The great 20th century economist John Maynard Keynes is widely thought to have said in response to a challenge to his consistency, “When the facts change, I change my mind. What do you do?…” I’ve always thought that’s great advice in life generally, and in particular for anyone who spends much time commenting on public policy. As a result, I have no problem reporting that my views on the seriousness of the white nationalist/supremacist violence threat nationwide and globally are different now than when I last wrote on the issue a little over three years ago. Moreover, it’s clear that President Trump needs to get off the dime on this front as well.

Specifically, it’s now clear to me that these movements have developed into dangers to public safety that are comparable, or nearly so, to Islam-inspired terrorist movements, and that other national governments need to intensify their focus accordingly.

The proximate cause of course is Friday’s terrible massacre of Muslims at two mosques in Christchurch, New Zealand. But the past year has also witnessed a mass shooting at a Pittsburgh, Pennsylvania synagogue, the letter bombs sent by a Florida man to Democratic Party politicians and officials as well as liberal mainstream media figures, and the arrest of a Coast Guard officer who was apparently stockpiling weapons with the intent of killing lots of liberal political figures and journalists.

My previous views on the differences between white nationalist (I know it’s a logically tortuous term, but it’s in widespread use, so….) violence and Islamic terrorism were based mainly on two observations: First, that, unlike the latter, the former had no general program (however loony in real-world terms) that it tried to push; and second, that unlike Islamic terrorists, the white nationalists didn’t seem to have an international network from which they could draw strength, inspiration, and even resources.

It’s now clear, however, that the Islamophobic, anti-immigrant hatred behind much white nationalist violence is motivated by a determination to stop what these extremists view as an effort by globalist-dominated national governments to replace their countries’ historically white populations of European descent with Muslims and other foreign non-whites. Some of this “Great Replacement” thinking (I hesitate to dignify it as anything as systematic as an “ideology”) of course also justifies anti-semitic violence by evoking the long-held belief that Jews are crucial members, and indeed masterminds, of a transnational (usually called “cosmopolitan” conspiracy to control all of humanity by dissolving all existing bonds among individuals, ethnic groups, and national populations and imposing a form of tyrannical world government).
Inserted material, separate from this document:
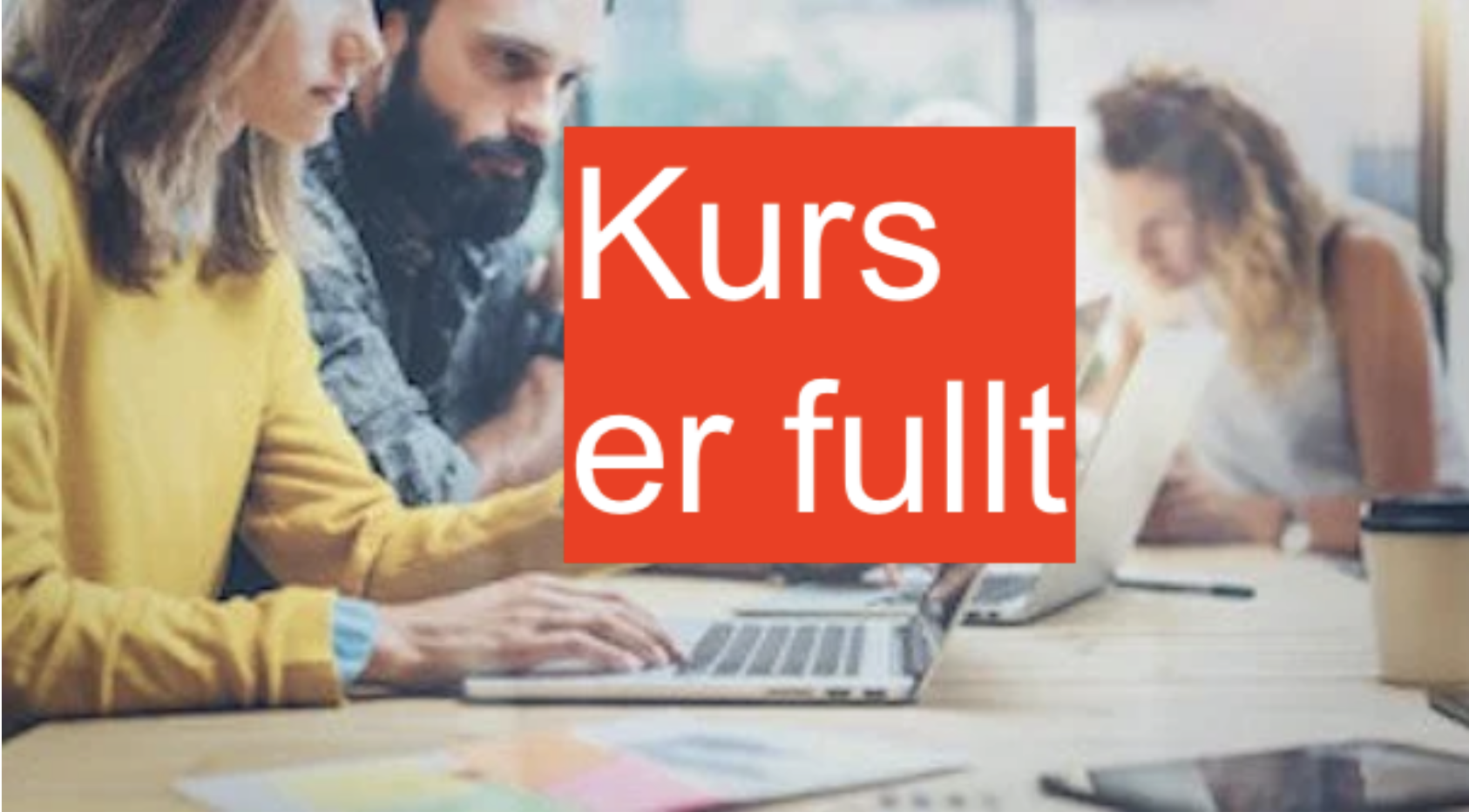 Grunnkurs i etablering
Moreover, like jihadists, white nationalists undoubtedly the world over increasingly are using social media to talk to one another, share their poisonous bigotry, and whip themselves into a frenzy. As a result, it’s just as pointless to try distinguishing the two by contending that jihadists appear much more organized globally than white nationalists. It’s true, for example, that white nationalists haven’t demonstrated the ability to turn large chunks of physical territory into bases capable of promoting large-scale terrorist operations like September 11. But it’s also true – as noted by many alarmed by jihadism – that such capabilities aren’t needed for Islamic radicalism to deserve blame for inspiring “lone wolves” to go on terrorist rampages.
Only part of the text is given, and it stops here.